Deep Dive | Soumya Sankar Bose

in Conversation With Sabih Ahmed

Soumya Sankar Bose's Where the Birds Never Sing is a body of work about the Marichjhapi massacre, the forcible eviction in 1979 of Bengali refugees on Marichjhapi Island in Sundarban, West Bengal, and the subsequent death of thousands by police gunfire, starvation, and disease. Bose, over the last three years, has been researching and re-enacting memories of the survivors in specific locations, as there is almost no written record of the incident.
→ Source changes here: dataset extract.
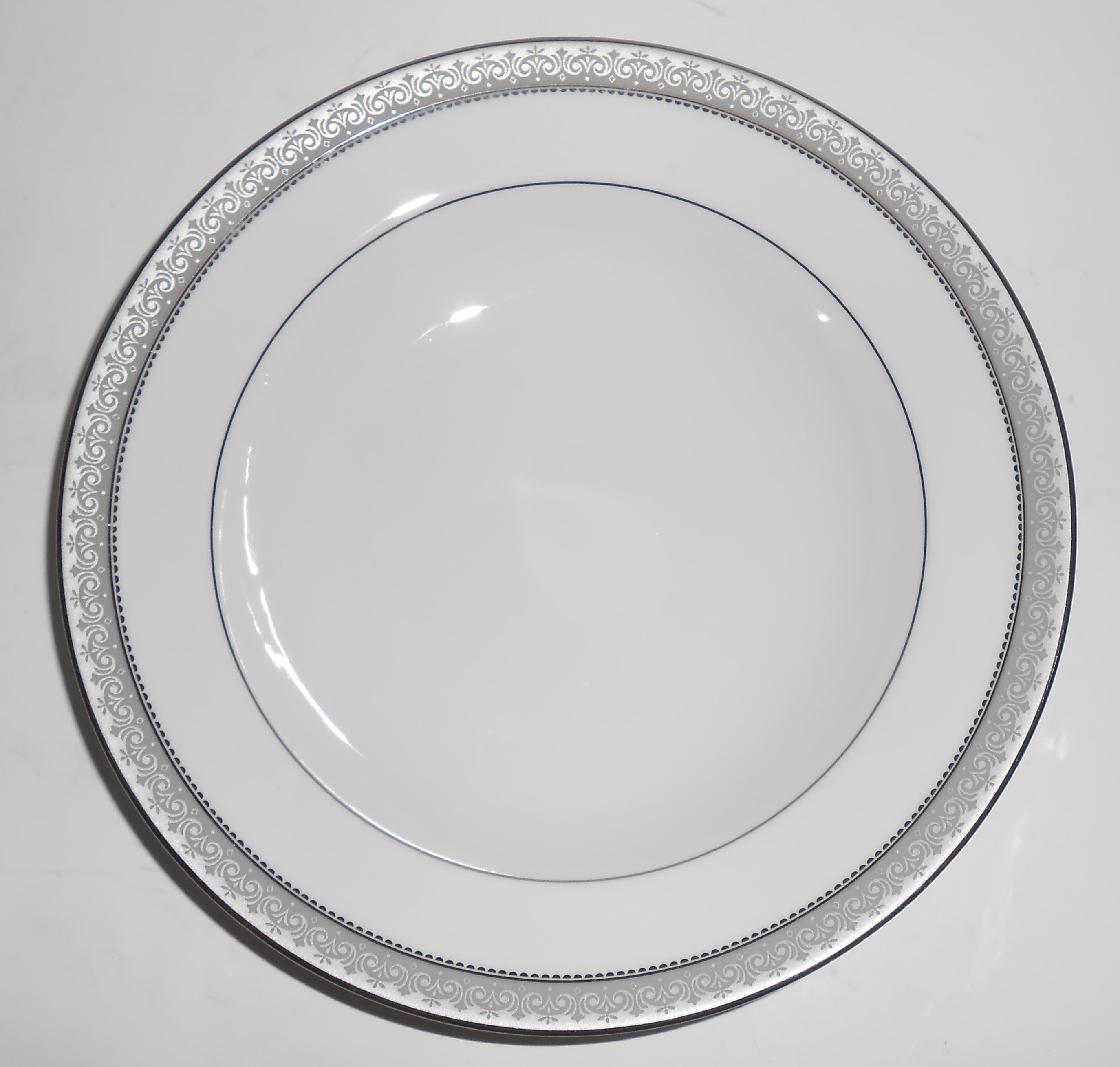 Mikasa Fine China Platinum Crown Rimmed Soup Bowl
Through the intricate weaving of fact and fiction of existing oral histories of the real survivors, he brings to light several perspectives of the same narrative, forming a cryptic framework of this problematic history that is facing a slow erasure from memory.

Biographies

Soumya Sankar Bose's (b. 1990) collaborative photographs re-examine traumatic pasts and imagine possible futures, through his subjects' visions and anxieties. His most recent project Where the Birds Never Sing (2017- 2020) is a body of work on the Marichjhapi massacre, the forcible eviction in 1979 of Bangladeshi refugees on Marichjhapi Island in Sundarban, West Bengal, and the subsequent death of thousands by police gunfire, starvation, and disease. Bose is the recipient of the The Foundation for Indian Contemporary Art's Amol Vadehra Art Grant in 2020. His project, Full Moon on a Dark Night was awarded Magnum Foundation's Photography and Social Justice Fellowship in 2017. Bose is the recipient of IFA grant for the project, Let's Sing an Old Song in 2015. Bose lives and works in Kolkata, India.
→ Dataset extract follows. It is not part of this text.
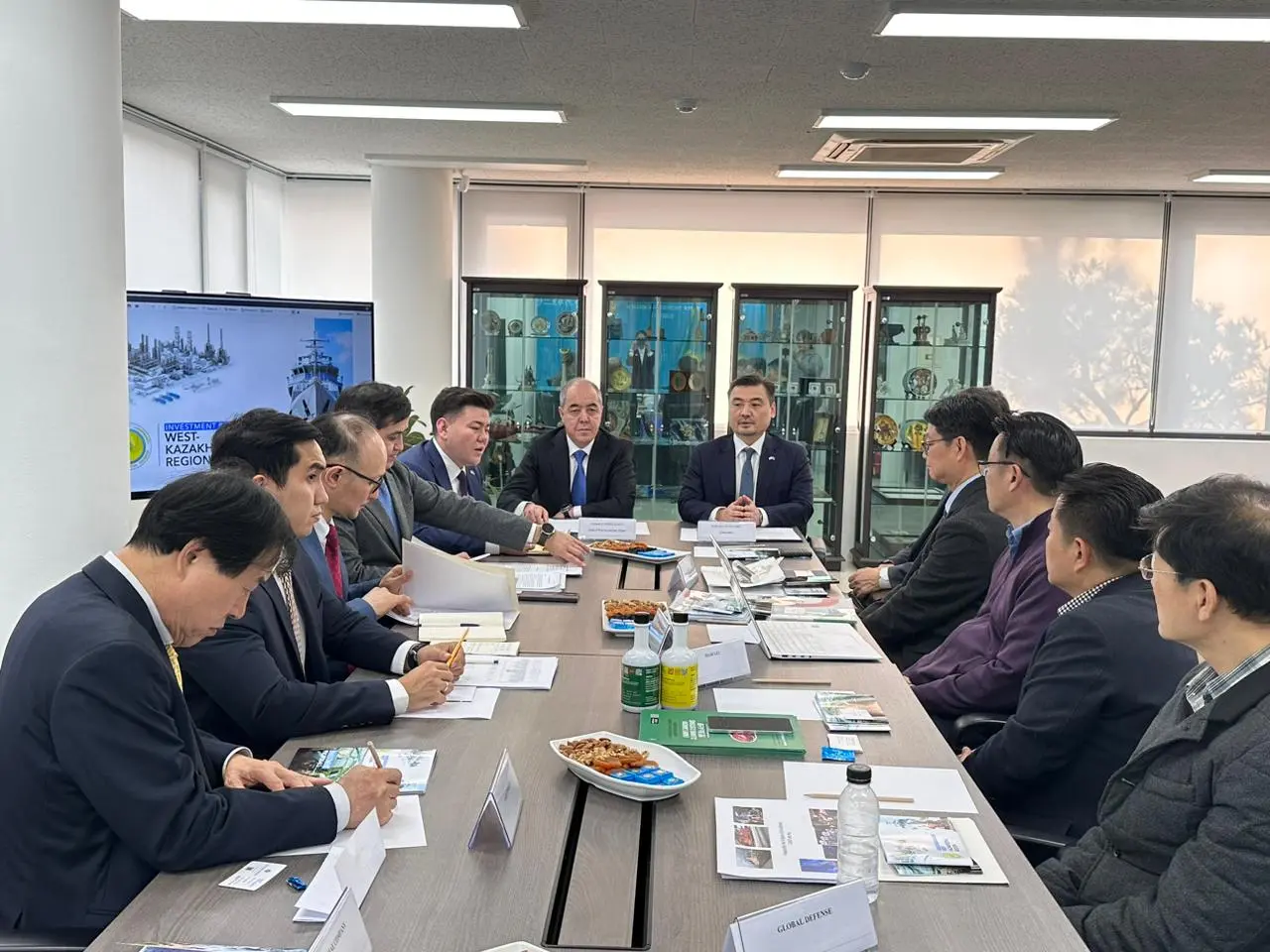Делегация ЗКО встретилась с представителями бизнеса Кореи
Sabih Ahmed is the Associate Director and Curator of Ishara Art Foundation in Dubai. His curatorial work and research focus on modern and contemporary art of South Asia through diverse itineraries, languages and inter-disciplinary formations. Prior to joining Ishara, he was a Senior Researcher and Projects Manager at Asia Art Archive from 2009 to 2019 where he was involved in the establishing of AAA in India (AAA in I) in New Delhi. Ahmed has led research projects focusing on the digitisation of seminal artist archives, digital bibliographies of art across languages, and has organised colloquia and seminars around archives and educational resources. Ahmed's curatorial projects include the 11th Shanghai Biennale (2016) in the capacity of a Curatorial Collegiate, curated by Raqs Media Collective; The Superhero Sighting Society (2019) exhibition and symposium in collaboration with artist Taus Makhacheva at KADIST and Centre Pompidou in Paris; and he is among the ensemble of curatorial mentors for Five Million Incidents (2019-2020) organized by Goethe-Institut, Delhi & Kolkata, conceived by Raqs Media Collective. Ahmed has served as a Visiting Faculty at the Ambedkar University Delhi from 2014 to 2019 teaching Art & Technology and Curatorial Investigations. His writings have been published by Art Cabinet, Mousse, The Whitworth, and Oncurating. Ahmed is on the Advisory Board of Sher-Gil Sundaram Arts Foundation, Delhi.